- Exercise brief: Output, exactly as written, the lines below from the one that has "Fototapeta na wymiar" through the one that has "The Kooples Emerald Green Floral Midi Dress"; nothing else, and no pictures.

(Short text fragments from websites)
>>

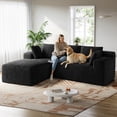 thumbnail image 1 of Patbrela 106" Sectional Couch for Living Room, L-Shaped Cloud Couch Corduroy Modern Sectional Sofa with Deep Seat and Thickened Cushion, No Assembly Required, Black, 1 of 10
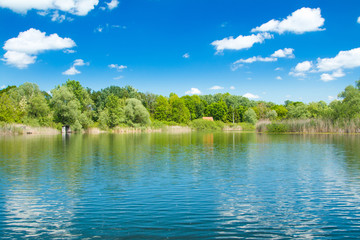 Fototapeta na wymiar Beautiful landscape scenery – lake in nature park Lonjsko polje, Croatia 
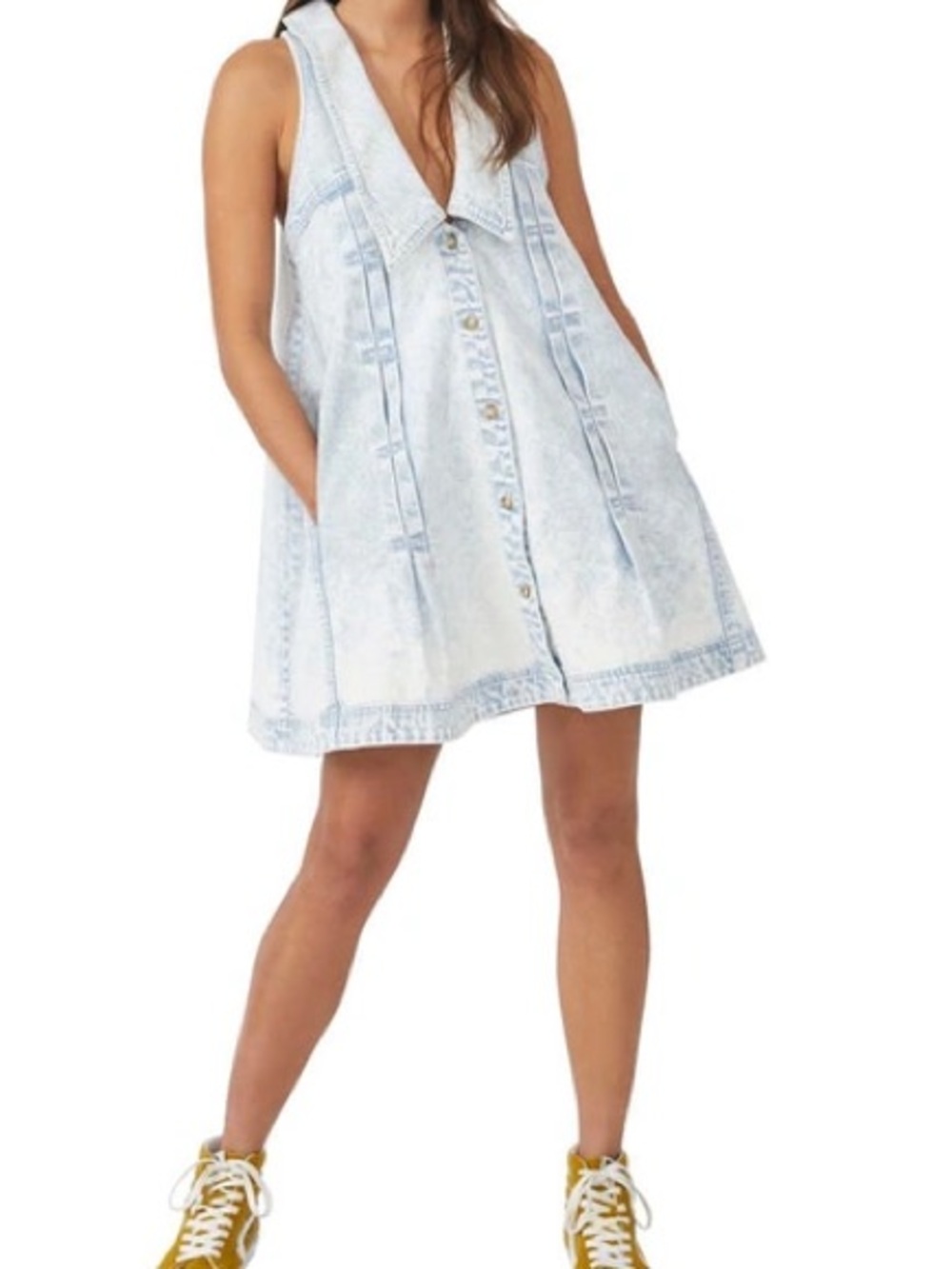 Free people katie denim light wash dress sz S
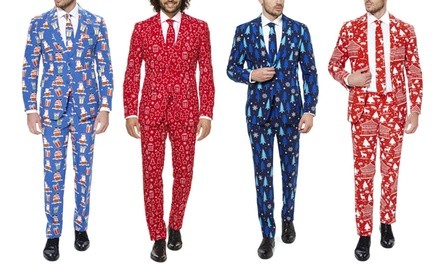 OppoSuits Men's Slim Fit Christmas Suit. Multiple Styles Available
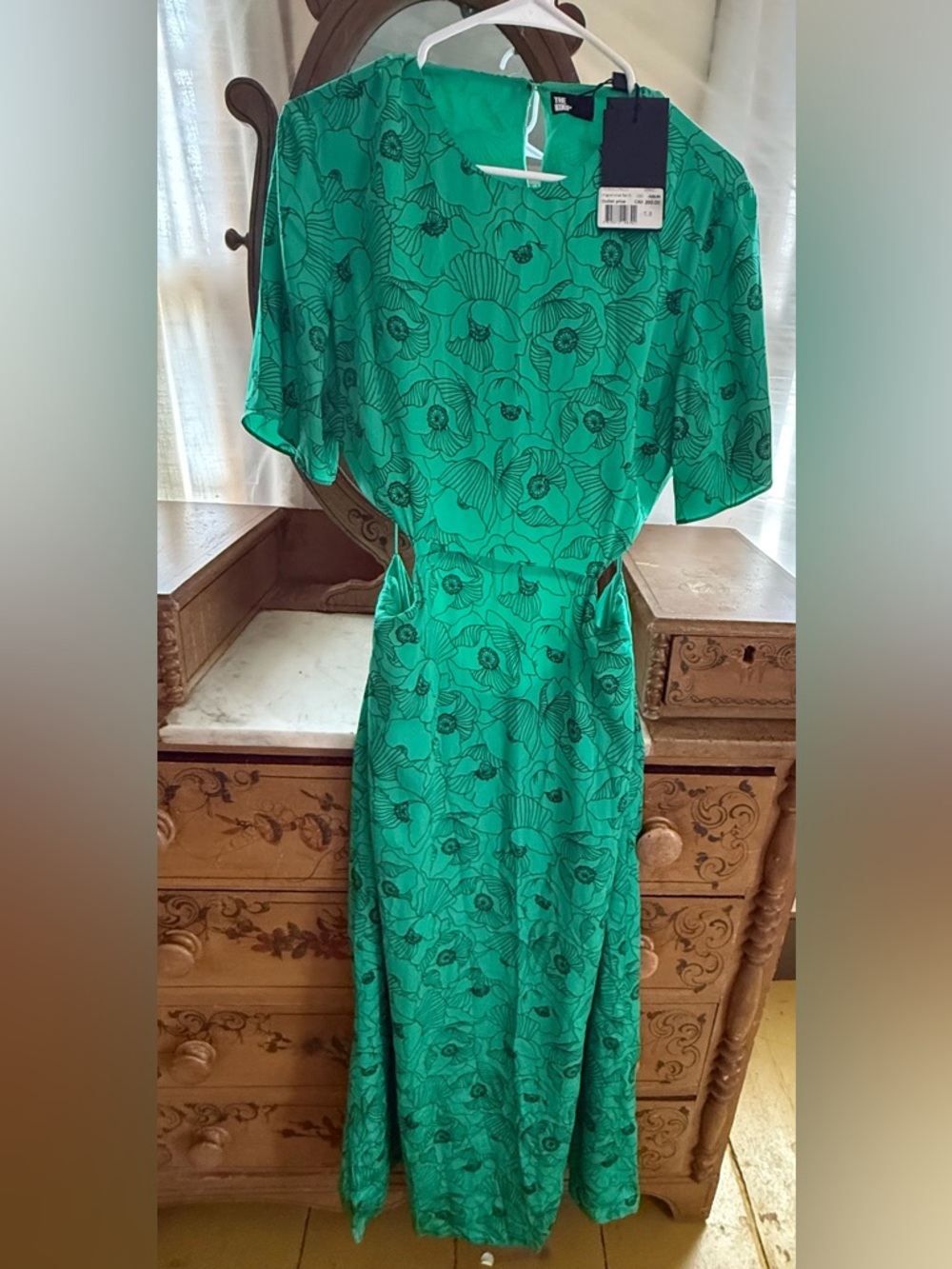 The Kooples Emerald Green Floral Midi Dress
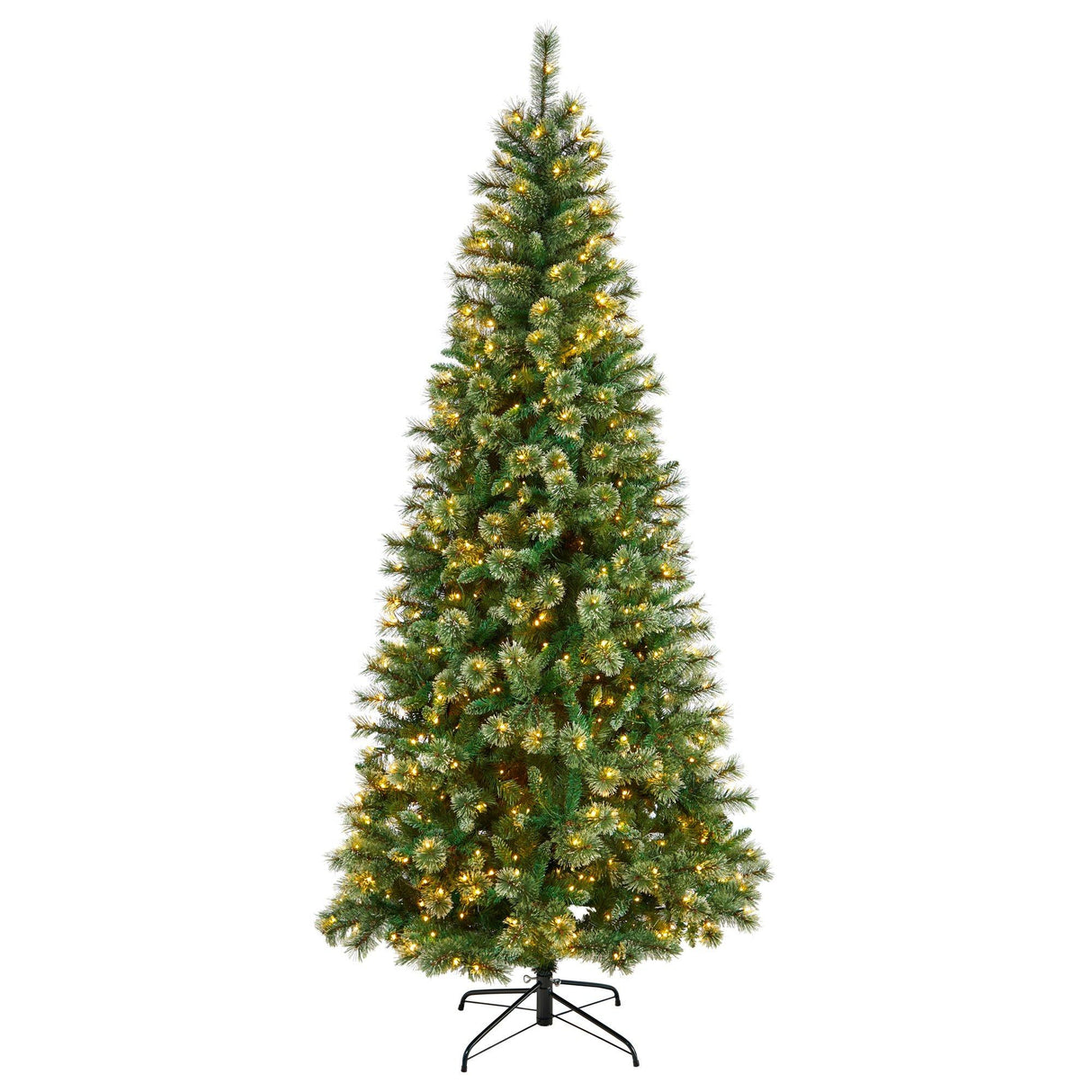 8’ Wisconsin Slim Snow Tip Pine Christmas Tree with 600 Clear LED Lights and 908 Bendable Branches-Christmas Tree-Parc Decor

<<

- Answer to this task:
 Fototapeta na wymiar Beautiful landscape scenery – lake in nature park Lonjsko polje, Croatia 
 Free people katie denim light wash dress sz S
 OppoSuits Men's Slim Fit Christmas Suit. Multiple Styles Available
 The Kooples Emerald Green Floral Midi Dress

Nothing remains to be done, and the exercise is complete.